Instructions for the task
The expected output is the line with "an underwater shot of diver and fish" plus all lines after it to the end of the material below, reproduced exactly, with pictures omitted and nothing else included.

======== Data shown

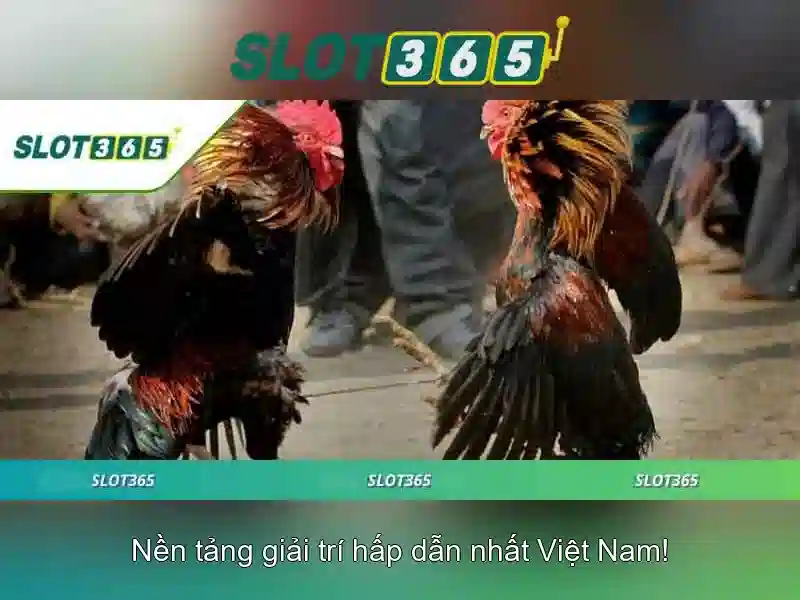 Ưu Điểm Slot365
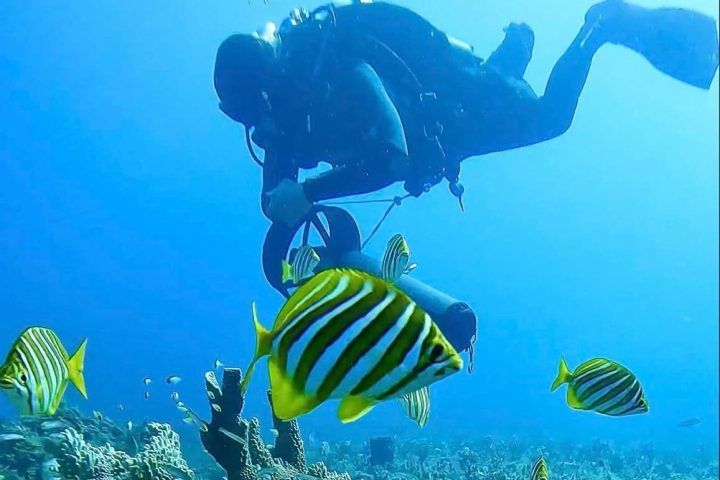 an underwater shot of diver and fish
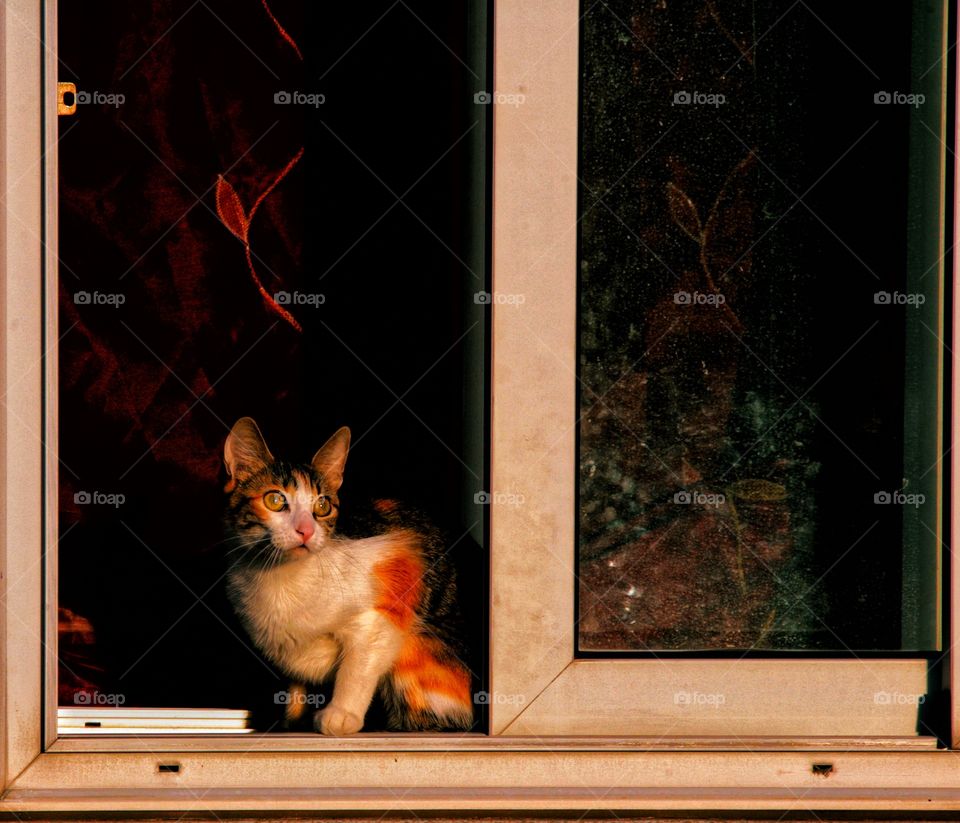 el gato en la ventana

================

Result below
 an underwater shot of diver and fish
 el gato en la ventana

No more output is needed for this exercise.